The festival, which ended Sunday, draws novelists, poets, scientists and politicians, and was famously dubbed the "Woodstock of the mind" by former U.S. President Bill Clinton. It's an annual indicator of what's on the mind of a large and largely liberal chunk of Britain. This year, the best-selling book in the onsite bookshop was "Heroic Failure," an evisceration of Brexit failures by Irish journalist Fintan O'Toole.
Britain's 2016 decision to quit the European Union created a deep fault-line between the 48% of voters who wanted remain in the European Union and the 52% who voted to leave. Three years on, Britain's politicians have failed to agree on exit terms, the country is still in the bloc, and voters on both sides are angry. The words "traitor" and "betrayal" are shouted and shared on social media in what often feels like a bad-tempered dialogue.
"We have half the country who think the other half are idiots," said British historian Peter Frankopan, whose book "The New Silk Roads" charts the growing power of Asia. "One of the challenges is how you blend those perspectives. How do you sit in the middle?"
The depth of the political chaos has come as a surprise, even to the experts. American historian Jared Diamond, whose latest book examines nations under pressure in his latest book "Upheaval - How Nations Cope with Crisis and Change," told his audience at Hay that he originally planned to include a chapter on Britain, a country long regarded as a stable leading democracy.
"It was going to be a happy-ending chapter," he said, about how Britain in the late 20th century overcame a crisis over its loss of empire "by finding a new identity in joining the European Union."
The 2016 Brexit referendum made him reconsider that thesis. Diamond said that at the moment, he'd hesitate to write about Britain at all.

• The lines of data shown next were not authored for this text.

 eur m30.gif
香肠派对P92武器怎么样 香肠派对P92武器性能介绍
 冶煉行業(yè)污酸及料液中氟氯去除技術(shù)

"Things are changing so fast with Brexit anything I wrote a week ago would be out of date," he said.
As it stands, Britain is due to leave the EU on Oct. 31, the delayed departure date set by the bloc amid political deadlock in London. Prime Minister Theresa May has given up trying to get her unpopular divorce deal approved by Parliament and will step down as Conservative Party leader on Friday.

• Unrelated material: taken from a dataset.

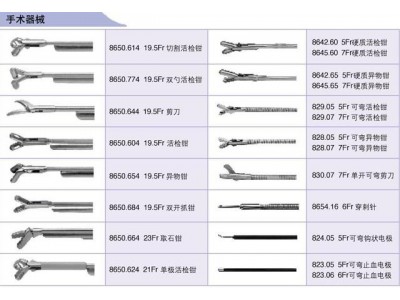 德国wolf狼牌尿道膀胱镜用器械：剪刀 830.07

Most of the more than a dozen contenders to replace her have vowed to take Britain out of the bloc, even without a deal. Pro-EU Britons — along with most economists — say that would plunge the country into recession. But many Brexit supporters believe the only alternative is being stuck in the EU indefinitely.
The deep division over Brexit looks to be transforming British politics. Last month's European Parliament elections saw voters desert the Conservatives and main opposition Labour — the two parties that tried and failed to find a compromise EU divorce deal — for the newly formed Brexit Party and the fervently pro-EU Liberal Democrats.
Several speakers searched for antidotes for the poison tainting Britain's body politic.
David Lammy, a lawmaker with the left-of-center opposition Labour Party, lamented "this civil conflict in Britain that is making us navel-gaze at ourselves and not look outward into the world."
His solutions included people's assemblies to find a way forward on Brexit, and a written constitution — something Britain famously lacks — "to get serious about who we are."
Shafak said people should ignore their Brexit fatigue and start listening to one another.
"I don't have to agree with Brexit, but I need to understand why people voted Brexit," she said.